We have seen similar patterns in other engineering fields as they matured. In cybersecurity, the industry moved from intuition-based approaches to formal threat models — frameworks like STRIDE became the language regulators and auditors expected to see. Autonomous vehicle safety is moving through a similar shift: from "we drove X million miles without major incidents" to "here is our formal model of the risks we face and here is how our system handles them." ReD is an early, public example of that transition for Waymo.
What Happens Next
Waymo has described ReD's concept but has not yet released the model itself for outside researchers to examine and challenge. That gap — between describing how something works and actually opening it up for independent verification — is something the safety research community will notice. Whether Waymo eventually publishes the details of ReD's parameters, invites academic review, or includes it in regulatory filings will signal how serious the company is about transparency and accountability.
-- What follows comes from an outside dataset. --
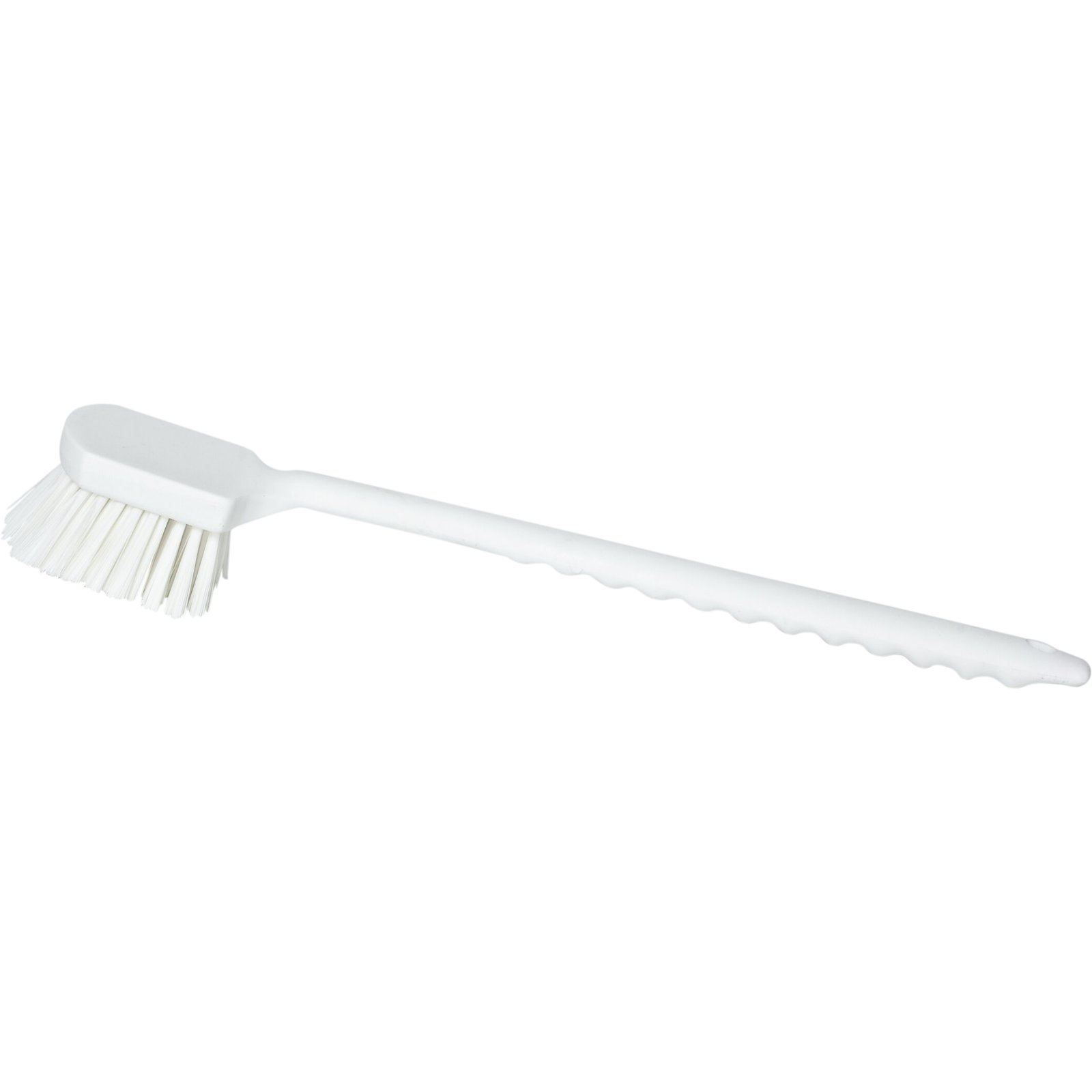 20-Foot White Carlisle Hand Scrub Brush for Commercial Kitchens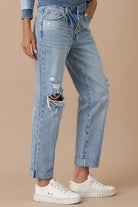 Rolled Up Boyfriend Jeans Denim Lab USA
The practical near-term stakes are high: the 6th-generation system's rollout into more cities and more driving conditions will inevitably encounter scenarios and edge cases that ReD's designers did not anticipate. A reference model is only as good as its ability to generalise beyond the problems its creators had already thought through.
For anyone interested in how autonomous vehicles become safe enough to trust, this is a development worth following. If ReD holds up under scrutiny, it could become more than just a tool for Waymo — it could shape how the entire industry thinks about validating that self-driving cars belong on public roads.